Le véritable blocage n’a pas seulement été l’absence de quorum lors de la dernière séance : c’est la privation d’un droit constitutionnel. Le président de la Chambre, Nabih Berry, a empêché plus de 67 députés de présenter une proposition de loi urgente visant à garantir ce droit.

Mais cette manœuvre s’est retournée contre lui. Pour la première fois en 33 ans, Berry a perdu la main sur le Parlement, incapable d’assurer le quorum. Un revers politique qui a terni sa domination de plusieurs décennies et marqué un coup d’arrêt significatif.

L'échec au niveau national se traduit dans l’impossibilité de concilier « le feu de la mini-république » avec « l’eau de l’État ». Toutes les tentatives de rapprochement ont échoué — du dialogue infructueux mené pendant huit mois par le président Joseph Aoun avec « les hommes en armes », à la rupture de « l’accord de Raouché » qui a tourné en dérision l’autorité de l’État, jusqu’au clivage irréductible autour du plan de Gaza.

Jusqu’ici, tous les efforts de persuasion se sont heurtés au déni obstiné du « Hezbollah » des résultats de la guerre et au changement des rapports de force.

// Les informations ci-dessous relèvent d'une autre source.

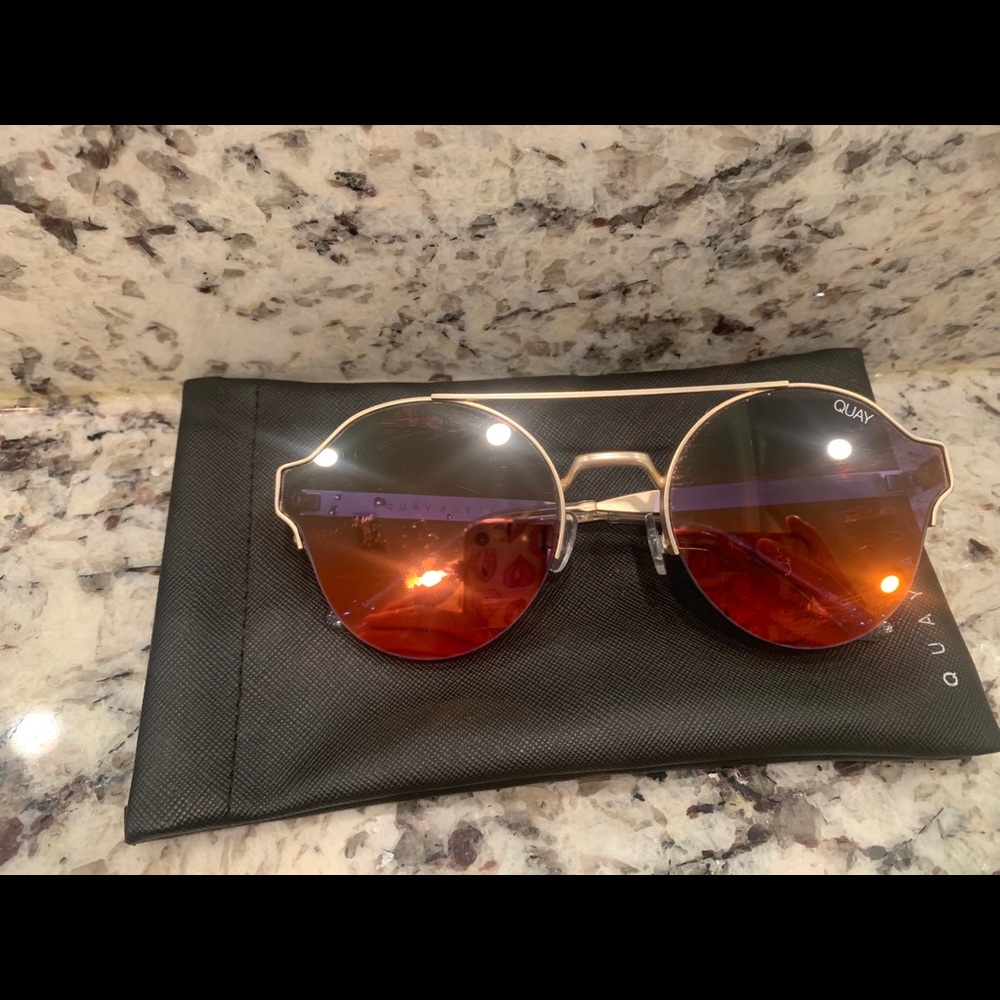 QUAY SUNGLASSES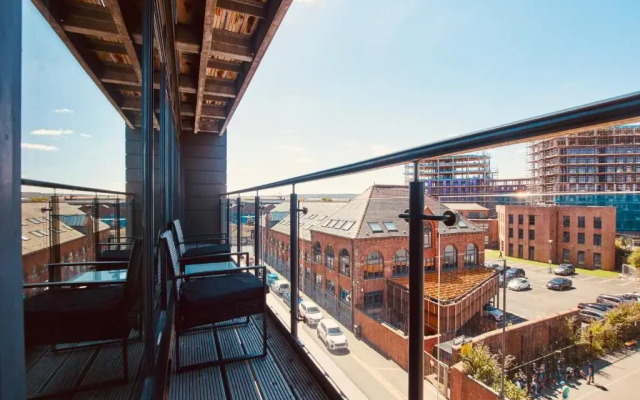 King Deluxe City Apt Large Balcony& Free Parking!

La crainte demeure qu’un règlement à Gaza ne s’étende à la question des armes au Liban, contraignant à accepter le cadre défini par celui qu’ils qualifient avec dérision de « grand frère mondial », Donald Trump.

En attendant un sursaut — ou peut-être un miracle — le Liban restera condamné à deux lignes parallèles qui ne se rencontrent pas : l’État et la mini-république. Et dans le Liban d’aujourd’hui, les miracles se font rares.